No, I did not fix this case already. I fixed a similar thing in 1924560, where ImageIO disks were locked after a clean importer shutdown. This variant was caused by an importer error, and I'm sure there are more potential cases just like it.
Matthew, can this bug be moved to MODIFIED since the attached PR is merged?
Yes, I will move it over.
@Matthew, Can you please suggest verification steps as bug 1945121 is already fixed?

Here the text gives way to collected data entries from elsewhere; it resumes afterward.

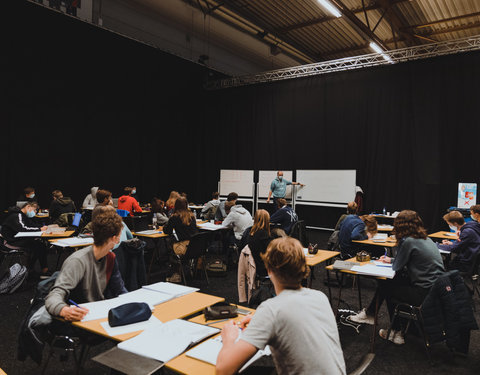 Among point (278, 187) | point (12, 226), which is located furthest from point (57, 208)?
point (278, 187)

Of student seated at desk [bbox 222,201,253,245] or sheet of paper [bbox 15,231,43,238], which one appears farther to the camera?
student seated at desk [bbox 222,201,253,245]

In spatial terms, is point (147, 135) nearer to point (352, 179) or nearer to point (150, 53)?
point (150, 53)

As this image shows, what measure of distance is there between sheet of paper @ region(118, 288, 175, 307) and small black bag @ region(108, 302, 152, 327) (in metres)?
0.21

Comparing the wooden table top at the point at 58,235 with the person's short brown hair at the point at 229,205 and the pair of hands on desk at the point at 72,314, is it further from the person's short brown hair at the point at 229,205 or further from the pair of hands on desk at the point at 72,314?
the pair of hands on desk at the point at 72,314

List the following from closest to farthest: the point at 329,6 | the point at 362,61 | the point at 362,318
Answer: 1. the point at 362,318
2. the point at 329,6
3. the point at 362,61

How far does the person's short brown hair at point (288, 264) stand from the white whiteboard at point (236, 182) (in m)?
10.1

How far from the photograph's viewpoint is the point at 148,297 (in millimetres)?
2166

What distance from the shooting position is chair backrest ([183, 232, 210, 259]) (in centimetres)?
474

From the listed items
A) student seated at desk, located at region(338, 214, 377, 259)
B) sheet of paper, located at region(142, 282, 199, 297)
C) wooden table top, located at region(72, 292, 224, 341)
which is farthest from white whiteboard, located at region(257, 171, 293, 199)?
wooden table top, located at region(72, 292, 224, 341)

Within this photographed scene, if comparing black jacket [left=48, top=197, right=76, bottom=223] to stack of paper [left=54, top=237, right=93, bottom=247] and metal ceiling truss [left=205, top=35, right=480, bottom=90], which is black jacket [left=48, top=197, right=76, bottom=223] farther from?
metal ceiling truss [left=205, top=35, right=480, bottom=90]

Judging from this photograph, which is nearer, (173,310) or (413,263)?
(173,310)

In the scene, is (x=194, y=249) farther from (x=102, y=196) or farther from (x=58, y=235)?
(x=58, y=235)

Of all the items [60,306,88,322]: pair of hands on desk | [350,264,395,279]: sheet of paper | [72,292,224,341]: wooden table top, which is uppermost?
[60,306,88,322]: pair of hands on desk

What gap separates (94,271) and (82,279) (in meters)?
0.08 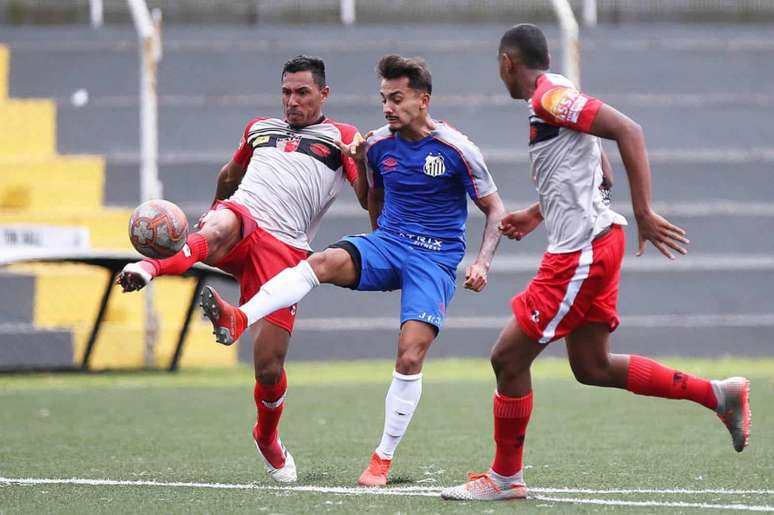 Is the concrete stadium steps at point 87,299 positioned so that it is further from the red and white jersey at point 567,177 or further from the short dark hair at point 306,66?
the red and white jersey at point 567,177

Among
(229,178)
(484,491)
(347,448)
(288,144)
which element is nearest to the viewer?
(484,491)

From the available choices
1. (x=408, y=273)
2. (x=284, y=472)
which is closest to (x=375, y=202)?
(x=408, y=273)

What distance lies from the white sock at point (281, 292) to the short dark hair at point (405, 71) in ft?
3.31

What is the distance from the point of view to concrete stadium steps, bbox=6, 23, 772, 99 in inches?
718

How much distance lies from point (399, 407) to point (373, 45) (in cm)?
1256

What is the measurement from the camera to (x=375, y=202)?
7234 mm

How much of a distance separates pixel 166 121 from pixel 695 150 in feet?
22.0

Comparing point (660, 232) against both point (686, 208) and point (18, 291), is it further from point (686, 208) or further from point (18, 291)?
point (686, 208)

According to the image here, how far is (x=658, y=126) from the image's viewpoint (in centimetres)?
1830

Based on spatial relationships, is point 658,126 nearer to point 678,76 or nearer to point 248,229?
point 678,76

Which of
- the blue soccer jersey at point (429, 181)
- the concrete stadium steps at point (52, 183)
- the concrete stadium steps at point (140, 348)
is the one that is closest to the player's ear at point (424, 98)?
the blue soccer jersey at point (429, 181)

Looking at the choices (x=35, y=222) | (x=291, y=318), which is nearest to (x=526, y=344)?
(x=291, y=318)

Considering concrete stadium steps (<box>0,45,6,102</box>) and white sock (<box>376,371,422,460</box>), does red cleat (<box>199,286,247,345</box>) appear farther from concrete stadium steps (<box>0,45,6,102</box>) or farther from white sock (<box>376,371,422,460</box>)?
concrete stadium steps (<box>0,45,6,102</box>)

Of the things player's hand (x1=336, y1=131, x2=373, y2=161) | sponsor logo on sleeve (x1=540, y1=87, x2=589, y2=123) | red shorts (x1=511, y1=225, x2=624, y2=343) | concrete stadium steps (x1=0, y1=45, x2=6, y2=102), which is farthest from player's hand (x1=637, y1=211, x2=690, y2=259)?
concrete stadium steps (x1=0, y1=45, x2=6, y2=102) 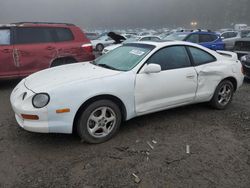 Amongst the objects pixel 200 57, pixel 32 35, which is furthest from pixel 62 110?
pixel 32 35

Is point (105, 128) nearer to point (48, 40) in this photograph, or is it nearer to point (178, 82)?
point (178, 82)

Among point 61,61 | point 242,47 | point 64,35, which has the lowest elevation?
point 61,61

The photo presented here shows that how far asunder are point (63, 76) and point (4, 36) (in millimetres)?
3831

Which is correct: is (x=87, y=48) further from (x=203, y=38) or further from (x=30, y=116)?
(x=203, y=38)

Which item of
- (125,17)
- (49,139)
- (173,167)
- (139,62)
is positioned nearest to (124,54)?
(139,62)

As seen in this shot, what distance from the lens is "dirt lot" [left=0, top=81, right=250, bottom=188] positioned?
2990mm

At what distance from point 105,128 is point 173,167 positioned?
1.16m

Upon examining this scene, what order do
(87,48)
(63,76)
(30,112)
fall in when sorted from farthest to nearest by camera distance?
(87,48) < (63,76) < (30,112)

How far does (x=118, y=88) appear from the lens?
3789 millimetres

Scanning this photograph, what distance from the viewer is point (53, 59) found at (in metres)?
7.20

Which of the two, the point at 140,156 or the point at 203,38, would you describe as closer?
the point at 140,156

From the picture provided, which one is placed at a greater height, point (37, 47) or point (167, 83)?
point (37, 47)

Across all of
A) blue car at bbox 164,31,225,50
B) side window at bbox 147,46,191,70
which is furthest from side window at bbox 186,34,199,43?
side window at bbox 147,46,191,70

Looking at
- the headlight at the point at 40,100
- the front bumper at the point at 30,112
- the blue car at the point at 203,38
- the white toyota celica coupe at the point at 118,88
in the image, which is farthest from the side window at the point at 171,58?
the blue car at the point at 203,38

I have had luck triggering a failure in the same code path by removing the importer's copy of qemu-img. If you start an import from RHV, you can oc exec bash in the importer pod and delete or move /bin/qemu-img somewhere that the importer program can't find it. You should get a failure like this: 0622 13:18:42.213320 1 data-processor.go:232] , Couldn't start qemu-img: exec: "qemu-img": executable file not found in $PATH kubevirt.io/containerized-data-importer/pkg/image.(*qemuOperations).Info pkg/image/qemu.go:190 kubevirt.io/containerized-data-importer/pkg/importer.ResizeImage pkg/importer/data-processor.go:304 kubevirt.io/containerized-data-importer/pkg/importer.(*DataProcessor).resize pkg/importer/data-processor.go:272 kubevirt.io/containerized-data-importer/pkg/importer.(*DataProcessor).ProcessDataWithPause pkg/importer/data-processor.go:224 kubevirt.io/containerized-data-importer/pkg/importer.(*DataProcessor).ProcessData pkg/importer/data-processor.go:169 main.main cmd/cdi-importer/importer.go:189 runtime.main GOROOT/src/runtime/proc.go:203 runtime.goexit GOROOT/src/runtime/asm_amd64.s:1373 Resize of image failed ...but the image should not stay locked in RHV.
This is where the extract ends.